**DATA PROVIDED**
+ + + + + + +

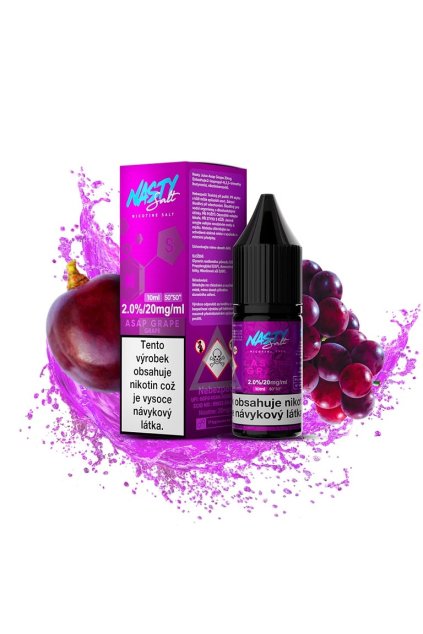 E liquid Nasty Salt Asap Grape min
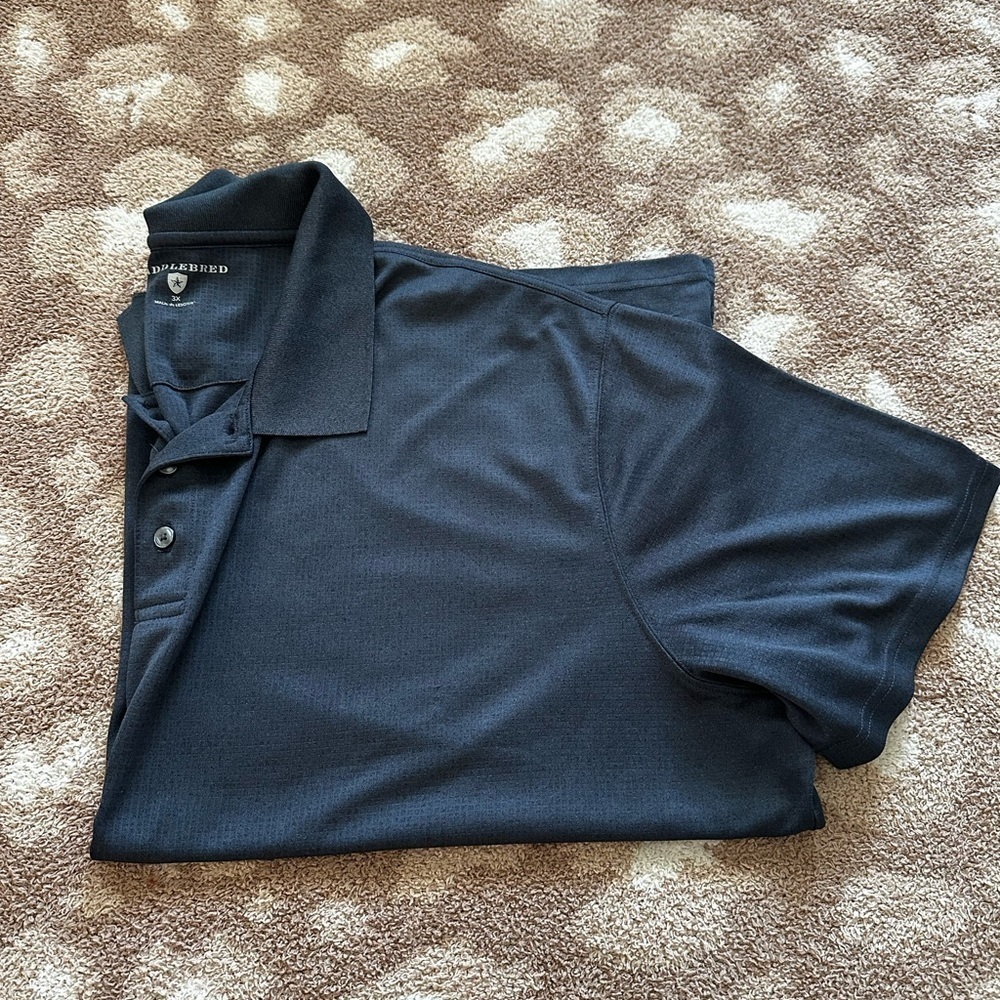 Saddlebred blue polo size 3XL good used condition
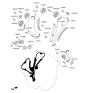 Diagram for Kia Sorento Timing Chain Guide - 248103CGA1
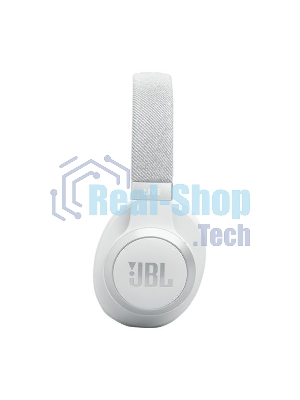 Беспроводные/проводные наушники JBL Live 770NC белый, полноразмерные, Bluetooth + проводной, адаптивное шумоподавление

+ + + + + + +

**PROBLEM REQUIREMENTS**
Retype precisely, and only, the lines from the one holding "Diagram for Kia" through the final line of the data above, with the pictures omitted.

**PROBLEM SOLUTION**
 Diagram for Kia Sorento Timing Chain Guide - 248103CGA1
 Беспроводные/проводные наушники JBL Live 770NC белый, полноразмерные, Bluetooth + проводной, адаптивное шумоподавление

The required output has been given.